* **Supplied records**:
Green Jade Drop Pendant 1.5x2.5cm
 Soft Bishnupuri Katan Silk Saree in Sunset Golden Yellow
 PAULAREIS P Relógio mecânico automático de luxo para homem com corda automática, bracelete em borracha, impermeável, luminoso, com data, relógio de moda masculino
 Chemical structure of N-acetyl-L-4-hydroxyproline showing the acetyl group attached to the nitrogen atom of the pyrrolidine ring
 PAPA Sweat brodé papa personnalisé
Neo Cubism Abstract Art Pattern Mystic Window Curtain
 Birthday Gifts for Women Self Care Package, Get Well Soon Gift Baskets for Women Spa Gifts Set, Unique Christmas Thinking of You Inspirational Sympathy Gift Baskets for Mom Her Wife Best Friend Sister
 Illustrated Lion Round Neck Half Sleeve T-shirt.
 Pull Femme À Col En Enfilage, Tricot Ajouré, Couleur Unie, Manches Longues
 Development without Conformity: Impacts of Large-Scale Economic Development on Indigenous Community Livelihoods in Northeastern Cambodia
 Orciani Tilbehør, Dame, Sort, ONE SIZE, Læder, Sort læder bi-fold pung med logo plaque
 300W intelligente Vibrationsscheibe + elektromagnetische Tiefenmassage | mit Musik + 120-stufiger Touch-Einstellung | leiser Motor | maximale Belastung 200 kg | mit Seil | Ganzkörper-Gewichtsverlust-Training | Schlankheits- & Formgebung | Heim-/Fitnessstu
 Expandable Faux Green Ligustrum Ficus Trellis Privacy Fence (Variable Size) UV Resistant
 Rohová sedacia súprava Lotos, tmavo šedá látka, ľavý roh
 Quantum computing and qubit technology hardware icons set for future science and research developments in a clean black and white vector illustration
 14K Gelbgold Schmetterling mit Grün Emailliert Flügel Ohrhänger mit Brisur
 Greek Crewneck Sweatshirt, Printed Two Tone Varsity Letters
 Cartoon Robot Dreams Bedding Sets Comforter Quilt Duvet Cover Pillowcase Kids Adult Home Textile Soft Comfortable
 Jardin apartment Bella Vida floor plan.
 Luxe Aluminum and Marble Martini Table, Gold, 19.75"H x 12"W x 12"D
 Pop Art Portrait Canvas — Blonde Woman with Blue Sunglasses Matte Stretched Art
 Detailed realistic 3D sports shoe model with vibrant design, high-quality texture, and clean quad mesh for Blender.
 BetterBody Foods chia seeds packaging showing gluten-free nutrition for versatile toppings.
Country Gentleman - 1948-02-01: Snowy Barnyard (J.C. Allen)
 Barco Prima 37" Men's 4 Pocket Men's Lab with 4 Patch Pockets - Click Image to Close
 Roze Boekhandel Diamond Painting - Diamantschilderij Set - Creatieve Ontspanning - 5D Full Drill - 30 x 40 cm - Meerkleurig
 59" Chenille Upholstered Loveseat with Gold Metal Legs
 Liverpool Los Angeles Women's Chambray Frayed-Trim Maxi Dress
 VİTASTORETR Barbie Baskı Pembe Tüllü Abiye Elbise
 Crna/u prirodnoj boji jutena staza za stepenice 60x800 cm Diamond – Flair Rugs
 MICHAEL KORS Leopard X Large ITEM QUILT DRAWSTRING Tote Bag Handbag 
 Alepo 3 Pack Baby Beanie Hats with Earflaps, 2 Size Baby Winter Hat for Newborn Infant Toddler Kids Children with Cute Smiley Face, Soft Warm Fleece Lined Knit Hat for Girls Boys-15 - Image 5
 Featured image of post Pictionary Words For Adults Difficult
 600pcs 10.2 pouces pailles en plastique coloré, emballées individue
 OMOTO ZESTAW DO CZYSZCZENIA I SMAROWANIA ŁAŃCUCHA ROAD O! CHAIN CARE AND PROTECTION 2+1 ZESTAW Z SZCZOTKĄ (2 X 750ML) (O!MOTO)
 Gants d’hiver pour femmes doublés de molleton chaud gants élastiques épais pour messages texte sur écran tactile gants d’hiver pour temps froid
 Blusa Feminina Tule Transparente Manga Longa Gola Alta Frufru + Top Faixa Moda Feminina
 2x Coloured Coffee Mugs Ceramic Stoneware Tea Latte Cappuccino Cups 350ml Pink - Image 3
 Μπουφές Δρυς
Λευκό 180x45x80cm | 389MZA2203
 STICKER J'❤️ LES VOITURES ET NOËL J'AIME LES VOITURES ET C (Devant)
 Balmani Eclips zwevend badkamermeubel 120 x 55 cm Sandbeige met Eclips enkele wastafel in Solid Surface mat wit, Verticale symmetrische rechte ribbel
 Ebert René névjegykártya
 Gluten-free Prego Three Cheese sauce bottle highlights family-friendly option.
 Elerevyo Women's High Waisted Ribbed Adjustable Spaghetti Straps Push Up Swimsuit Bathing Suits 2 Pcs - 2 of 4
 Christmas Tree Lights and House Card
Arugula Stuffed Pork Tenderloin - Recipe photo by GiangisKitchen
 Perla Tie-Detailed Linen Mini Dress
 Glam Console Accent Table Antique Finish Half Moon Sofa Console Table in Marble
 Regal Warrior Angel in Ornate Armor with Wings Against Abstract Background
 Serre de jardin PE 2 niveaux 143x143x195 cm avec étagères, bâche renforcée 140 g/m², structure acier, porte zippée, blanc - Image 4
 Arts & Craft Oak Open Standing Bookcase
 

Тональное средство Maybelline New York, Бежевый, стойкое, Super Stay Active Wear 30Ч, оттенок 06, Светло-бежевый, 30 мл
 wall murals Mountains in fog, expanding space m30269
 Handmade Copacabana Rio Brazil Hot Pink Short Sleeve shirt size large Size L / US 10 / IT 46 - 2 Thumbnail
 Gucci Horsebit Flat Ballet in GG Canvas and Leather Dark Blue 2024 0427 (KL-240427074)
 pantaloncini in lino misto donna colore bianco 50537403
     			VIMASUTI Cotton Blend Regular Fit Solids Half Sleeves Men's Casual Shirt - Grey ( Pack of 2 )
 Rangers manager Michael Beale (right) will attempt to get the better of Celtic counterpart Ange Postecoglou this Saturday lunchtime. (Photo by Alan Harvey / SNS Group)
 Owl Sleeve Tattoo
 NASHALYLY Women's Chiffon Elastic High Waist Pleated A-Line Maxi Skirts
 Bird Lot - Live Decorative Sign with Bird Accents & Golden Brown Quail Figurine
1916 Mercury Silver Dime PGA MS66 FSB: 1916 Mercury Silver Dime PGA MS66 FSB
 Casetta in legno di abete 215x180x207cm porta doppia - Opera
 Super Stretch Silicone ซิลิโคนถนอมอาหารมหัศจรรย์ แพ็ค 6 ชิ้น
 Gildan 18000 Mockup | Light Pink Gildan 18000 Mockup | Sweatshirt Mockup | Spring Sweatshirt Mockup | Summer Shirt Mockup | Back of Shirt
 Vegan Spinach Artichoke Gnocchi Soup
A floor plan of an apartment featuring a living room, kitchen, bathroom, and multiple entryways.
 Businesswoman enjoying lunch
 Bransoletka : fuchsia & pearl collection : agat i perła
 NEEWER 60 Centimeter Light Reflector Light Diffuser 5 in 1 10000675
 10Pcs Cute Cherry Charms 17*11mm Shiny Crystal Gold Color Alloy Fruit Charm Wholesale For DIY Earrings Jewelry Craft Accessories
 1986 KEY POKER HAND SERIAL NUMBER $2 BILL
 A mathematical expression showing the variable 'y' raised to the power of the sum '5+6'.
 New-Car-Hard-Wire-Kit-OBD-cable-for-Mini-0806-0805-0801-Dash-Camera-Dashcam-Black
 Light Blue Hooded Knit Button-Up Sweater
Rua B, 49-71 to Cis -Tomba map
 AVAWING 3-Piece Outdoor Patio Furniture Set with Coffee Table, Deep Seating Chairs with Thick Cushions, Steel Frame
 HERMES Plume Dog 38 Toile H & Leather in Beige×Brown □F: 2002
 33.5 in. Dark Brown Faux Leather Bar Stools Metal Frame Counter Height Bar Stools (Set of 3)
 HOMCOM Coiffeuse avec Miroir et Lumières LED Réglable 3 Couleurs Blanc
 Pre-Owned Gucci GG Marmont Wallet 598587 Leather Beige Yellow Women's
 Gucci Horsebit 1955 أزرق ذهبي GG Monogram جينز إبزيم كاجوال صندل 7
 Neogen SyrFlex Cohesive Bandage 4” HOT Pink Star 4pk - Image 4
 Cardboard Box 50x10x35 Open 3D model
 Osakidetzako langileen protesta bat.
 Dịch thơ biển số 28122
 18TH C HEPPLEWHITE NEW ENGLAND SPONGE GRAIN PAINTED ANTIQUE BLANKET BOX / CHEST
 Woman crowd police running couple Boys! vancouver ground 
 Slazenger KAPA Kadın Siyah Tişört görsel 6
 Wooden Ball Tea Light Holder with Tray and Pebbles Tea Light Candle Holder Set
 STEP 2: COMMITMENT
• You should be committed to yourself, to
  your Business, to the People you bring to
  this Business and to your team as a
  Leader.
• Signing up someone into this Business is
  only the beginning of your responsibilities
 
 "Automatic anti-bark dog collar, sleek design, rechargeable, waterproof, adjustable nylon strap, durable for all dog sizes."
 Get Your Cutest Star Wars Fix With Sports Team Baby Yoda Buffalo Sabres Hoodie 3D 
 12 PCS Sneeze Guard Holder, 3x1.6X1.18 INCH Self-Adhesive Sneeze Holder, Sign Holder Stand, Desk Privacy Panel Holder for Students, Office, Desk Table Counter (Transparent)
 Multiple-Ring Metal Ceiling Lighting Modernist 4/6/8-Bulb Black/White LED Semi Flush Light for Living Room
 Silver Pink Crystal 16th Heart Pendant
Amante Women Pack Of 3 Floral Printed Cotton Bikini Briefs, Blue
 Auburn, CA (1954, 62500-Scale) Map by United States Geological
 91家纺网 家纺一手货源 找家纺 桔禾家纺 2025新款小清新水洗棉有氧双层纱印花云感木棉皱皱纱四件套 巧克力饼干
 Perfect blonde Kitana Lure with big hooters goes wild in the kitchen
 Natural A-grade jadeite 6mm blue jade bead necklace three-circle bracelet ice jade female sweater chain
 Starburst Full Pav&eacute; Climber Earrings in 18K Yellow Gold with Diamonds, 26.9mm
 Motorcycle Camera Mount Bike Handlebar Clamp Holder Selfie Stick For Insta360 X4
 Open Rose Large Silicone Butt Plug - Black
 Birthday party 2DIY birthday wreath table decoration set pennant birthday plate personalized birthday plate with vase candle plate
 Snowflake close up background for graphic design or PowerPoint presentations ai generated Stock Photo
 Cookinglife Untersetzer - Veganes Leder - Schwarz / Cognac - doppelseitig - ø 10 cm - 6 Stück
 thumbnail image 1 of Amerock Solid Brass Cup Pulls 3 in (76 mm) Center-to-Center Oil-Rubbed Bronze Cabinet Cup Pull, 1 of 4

* **What to produce**: Scan the entries above for the line containing "33.5 in. Dark", and copy it and all lines after it exactly, down to and including the line containing "Pre-Owned Gucci GG".

* **Output below**:
 33.5 in. Dark Brown Faux Leather Bar Stools Metal Frame Counter Height Bar Stools (Set of 3)
 HOMCOM Coiffeuse avec Miroir et Lumières LED Réglable 3 Couleurs Blanc
 Pre-Owned Gucci GG Marmont Wallet 598587 Leather Beige Yellow Women's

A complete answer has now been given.